Abstract
Background
The American College of Surgeons Trauma Quality Improvement Program recommends a lower threshold for trauma activation on geriatric patients. We implemented the Modified Geriatric Trauma Activation Criteria (MGTAC) and assessed the clinical impact on geriatric trauma patients.
Methods
Geriatric trauma patients aged 65 years and over presenting between 1/1/2014 and 12/31/2020 were identified through the Trauma Registry. MGTAC were implemented on 3/1/2017, where patients aged 65 and above were rendered as Highest Level activations when presenting with no prior work-up. Those presenting from 1/1/2014 to 2/28/2017 were grouped as Standard Activation Criteria (SAC), and those presenting between 3/1/2017 and 12/31/2020 were grouped as MGTAC. Patient demographics, mechanism of injury, level of activation, operative intervention, intensive care unit (ICU) admission, length of stay, survival, and undertriage rates were reviewed. Chi square, ANOVA, and unpaired t-test were used for analysis to compare SAC and MGTAC patient outcomes.
Results
2582 patients were identified: 1293 (50.1%) in SAC and 1289 (49.9%) in MGTAC. Highest Level trauma activations for SAC vs. MGTAC were 9.3% vs. 30.4%, p < .01. Between SAC and MGTAC, ICU admission was 24.1% vs. 16.5%, p<0.01; operative intervention was 10.3% vs. 12.9%, p = .04; undertriage rates were 6.1% vs. 3.8%, p = .01; and average length of stay was 7 days for SAC vs. 6.4 days for MGTAC, p = .54. Overall mortality was 9% for SAC and 9.5% for MGTAC, p = .66.
Conclusion
Implementation of MGTAC did not improve geriatric trauma patient mortality. However, it decreased ICU admission and undertriage, and increased operative intervention during the first 24 hours.
Background
Individuals over 65 years of age made up approximately 22% of the population in the 2020 United States Census, and that percentage is only expected to grow annually. 1 Trauma is the 7th leading cause of death for those 65 years of age and over. 2 According to the National Trauma Data Bank, the proportion of trauma patients aged 65 years or over in level I and II trauma centers increased from 23% in 2003 to 30% in 2009. Moreover, geriatric patients triaged at non-designated trauma centers may not be properly reported, implying underestimation of true geriatric trauma patient prevalence.3,4
Specific to geriatric trauma patients, common mechanisms of injury including falls, motor vehicle collisions, and many low energy mechanisms lead to severe injuries. 5 Physiologic changes secondary to age-related compensatory adaptations of the musculoskeletal, cardiovascular, respiratory, and renal systems in the geriatric population lead to subsequent suboptimal responses to traumatic injuries. Frailty, medical comorbidities, and medication use alter baseline vital signs in this population.2,6–12 These factors increase the likelihood for undertriage, defined as failure to transfer patients to appropriate trauma centers, proportion of avoidable negative outcomes as a result of being denied access to high resource, and having major injuries but not triaged with inappropriate teams.13–15 Previous reports describe undertriage of geriatric trauma patients to be associated with a two-fold increase in the risk of death.16–20
Currently, there are no standardized guidelines for geriatric trauma activation. The American College of Surgeons Trauma Quality Improvement Program (ACS TQIP) recommends a lower threshold for trauma team activation for older trauma patients and this recommendation has led to the use of different geriatric trauma activation criteria at multiple tertiary centers.21,22 At our level 1 trauma center, we implemented a set of activation criteria specifically for geriatric patients. These trauma activation criteria were designated as the Modified Geriatric Trauma Activation Criteria (MGTAC).

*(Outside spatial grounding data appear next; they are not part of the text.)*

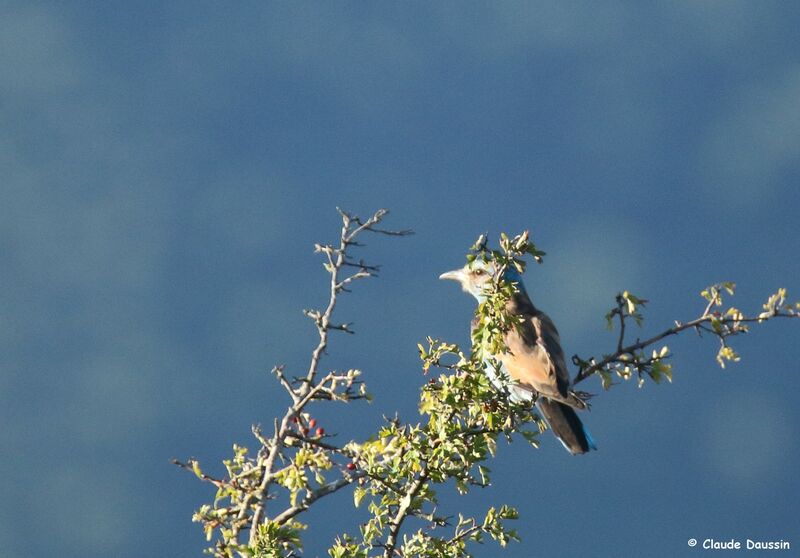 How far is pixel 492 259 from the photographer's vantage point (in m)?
5.11

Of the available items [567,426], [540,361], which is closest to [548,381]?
[540,361]

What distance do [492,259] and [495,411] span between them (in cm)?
79

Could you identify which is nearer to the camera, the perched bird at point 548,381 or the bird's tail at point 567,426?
the perched bird at point 548,381

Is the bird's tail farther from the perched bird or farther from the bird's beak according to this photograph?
the bird's beak

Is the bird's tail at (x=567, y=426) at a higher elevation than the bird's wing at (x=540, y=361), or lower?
lower

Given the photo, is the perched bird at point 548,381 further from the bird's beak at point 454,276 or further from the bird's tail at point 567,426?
the bird's beak at point 454,276

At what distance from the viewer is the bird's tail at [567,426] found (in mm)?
6824

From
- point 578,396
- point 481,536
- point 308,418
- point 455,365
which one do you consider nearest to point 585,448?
point 578,396

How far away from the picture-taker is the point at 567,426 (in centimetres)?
688

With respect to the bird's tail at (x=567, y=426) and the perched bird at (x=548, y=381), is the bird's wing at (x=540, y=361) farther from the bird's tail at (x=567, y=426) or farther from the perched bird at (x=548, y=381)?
the bird's tail at (x=567, y=426)

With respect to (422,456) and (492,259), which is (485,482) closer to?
(422,456)

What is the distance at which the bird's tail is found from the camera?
6824mm

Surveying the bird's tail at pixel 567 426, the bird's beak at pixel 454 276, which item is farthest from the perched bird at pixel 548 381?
the bird's beak at pixel 454 276

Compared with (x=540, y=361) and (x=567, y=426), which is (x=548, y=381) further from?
(x=567, y=426) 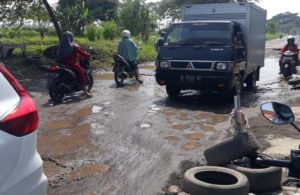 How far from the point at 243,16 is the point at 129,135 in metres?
5.76

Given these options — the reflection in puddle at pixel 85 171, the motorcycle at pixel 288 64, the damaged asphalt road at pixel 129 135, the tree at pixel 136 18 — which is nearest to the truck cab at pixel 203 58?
the damaged asphalt road at pixel 129 135

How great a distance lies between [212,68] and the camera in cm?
913

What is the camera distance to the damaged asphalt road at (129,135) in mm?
4887

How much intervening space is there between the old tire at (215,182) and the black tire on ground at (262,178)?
0.21m

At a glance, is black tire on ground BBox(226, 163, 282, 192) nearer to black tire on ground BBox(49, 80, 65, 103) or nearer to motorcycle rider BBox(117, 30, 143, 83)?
black tire on ground BBox(49, 80, 65, 103)

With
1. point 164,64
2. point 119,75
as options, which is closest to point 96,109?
point 164,64

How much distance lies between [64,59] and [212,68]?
3.49 metres

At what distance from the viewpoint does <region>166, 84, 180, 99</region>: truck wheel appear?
33.1 ft

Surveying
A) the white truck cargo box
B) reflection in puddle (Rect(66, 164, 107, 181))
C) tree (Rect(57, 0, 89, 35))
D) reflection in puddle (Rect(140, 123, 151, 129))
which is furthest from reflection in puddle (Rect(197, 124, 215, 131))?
tree (Rect(57, 0, 89, 35))

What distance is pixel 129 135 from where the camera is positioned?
6758 mm

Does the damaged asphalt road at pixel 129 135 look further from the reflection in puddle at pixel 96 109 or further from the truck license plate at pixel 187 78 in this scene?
the truck license plate at pixel 187 78

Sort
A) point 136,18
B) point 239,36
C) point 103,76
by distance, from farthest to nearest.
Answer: point 136,18
point 103,76
point 239,36

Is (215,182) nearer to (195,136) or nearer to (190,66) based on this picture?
(195,136)

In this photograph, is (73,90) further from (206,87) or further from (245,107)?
(245,107) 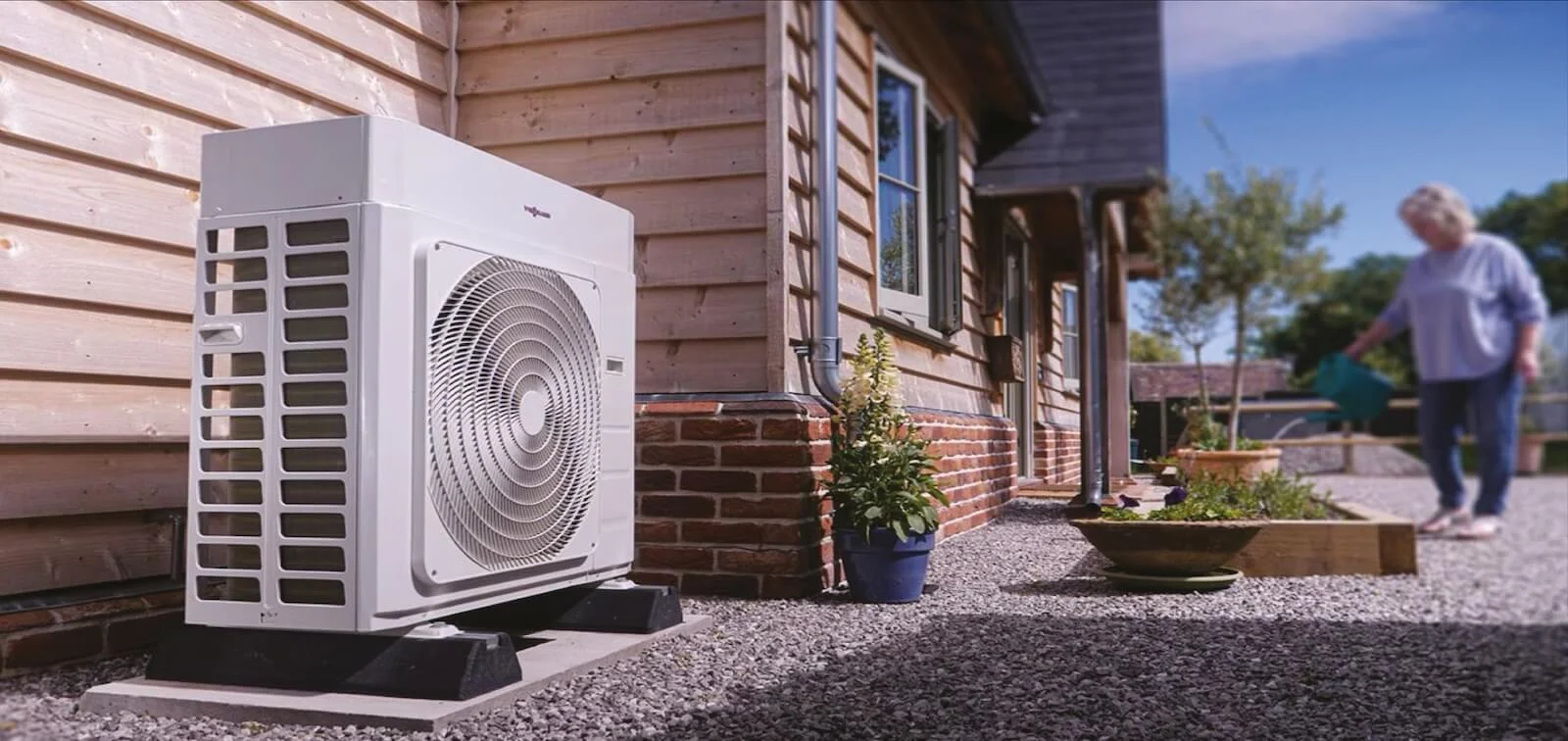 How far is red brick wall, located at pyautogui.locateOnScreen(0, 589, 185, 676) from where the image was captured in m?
2.44

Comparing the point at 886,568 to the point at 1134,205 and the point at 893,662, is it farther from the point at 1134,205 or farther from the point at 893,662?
the point at 1134,205

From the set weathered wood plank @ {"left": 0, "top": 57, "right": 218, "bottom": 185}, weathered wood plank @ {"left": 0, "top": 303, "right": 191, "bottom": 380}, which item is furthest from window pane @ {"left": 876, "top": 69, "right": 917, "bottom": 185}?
weathered wood plank @ {"left": 0, "top": 303, "right": 191, "bottom": 380}

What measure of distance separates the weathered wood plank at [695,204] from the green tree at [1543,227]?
3.25 metres

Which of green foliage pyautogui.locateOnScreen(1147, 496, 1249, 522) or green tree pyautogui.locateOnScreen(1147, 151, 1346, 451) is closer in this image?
green tree pyautogui.locateOnScreen(1147, 151, 1346, 451)

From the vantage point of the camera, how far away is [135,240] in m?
2.85

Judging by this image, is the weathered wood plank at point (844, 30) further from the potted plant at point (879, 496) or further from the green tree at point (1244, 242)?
the green tree at point (1244, 242)

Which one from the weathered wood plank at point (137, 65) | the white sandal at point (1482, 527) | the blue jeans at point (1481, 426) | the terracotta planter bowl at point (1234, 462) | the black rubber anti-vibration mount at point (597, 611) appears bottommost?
the black rubber anti-vibration mount at point (597, 611)

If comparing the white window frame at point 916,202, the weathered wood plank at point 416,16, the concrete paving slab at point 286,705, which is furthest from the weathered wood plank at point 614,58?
the concrete paving slab at point 286,705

To investigate the effects of MGTAC on geriatric trauma patients, our primary outcome was to determine the impact of MGTAC on patient survival; and secondary outcomes included the impact on undertriage rates and different interventions provided to patients before and after implementation of MGTAC. We hypothesized that MGTAC, which was based on the ACS TQIP Geriatric Trauma Management Guidelines, would improve patient outcomes. 21
Methods
Study design
The study is a retrospective, cohort investigation on prospectively collected data on trauma patients at a 720 bed, level 1 trauma center. The study protocol was approved by the Institutional Review Board and Institutional Scientific Review Committee. Approval for the protocol, entitled “Impact of modified geriatric trauma activation criteria at a level 1 Trauma Center on patient outcomes, a Retrospective Cohort Study” with reference number 1527985, was issued on October 23rd, 2020.
Selection criteria
From January 1st, 2014 to February 28th, 2017, trauma patients aged 65 and above were evaluated using the same set of trauma activation criteria as all other trauma patients when determining the level of activation. Patients were designated as either Highest Level or Limited Level dependent on mechanism of injury, anatomical injury or physiology (Figure 1). These procedures were designated Standard Activation Criteria (SAC). Trauma activation criteria implemented before and after March 1st 2017 at an academic, level 1 trauma center. Criteria for Highest Level trauma activations and Limited Level trauma activations for both Standard Activation Criteria (SAC) and Modified Geriatric Trauma Activation Criteria (MGTAC) are listed.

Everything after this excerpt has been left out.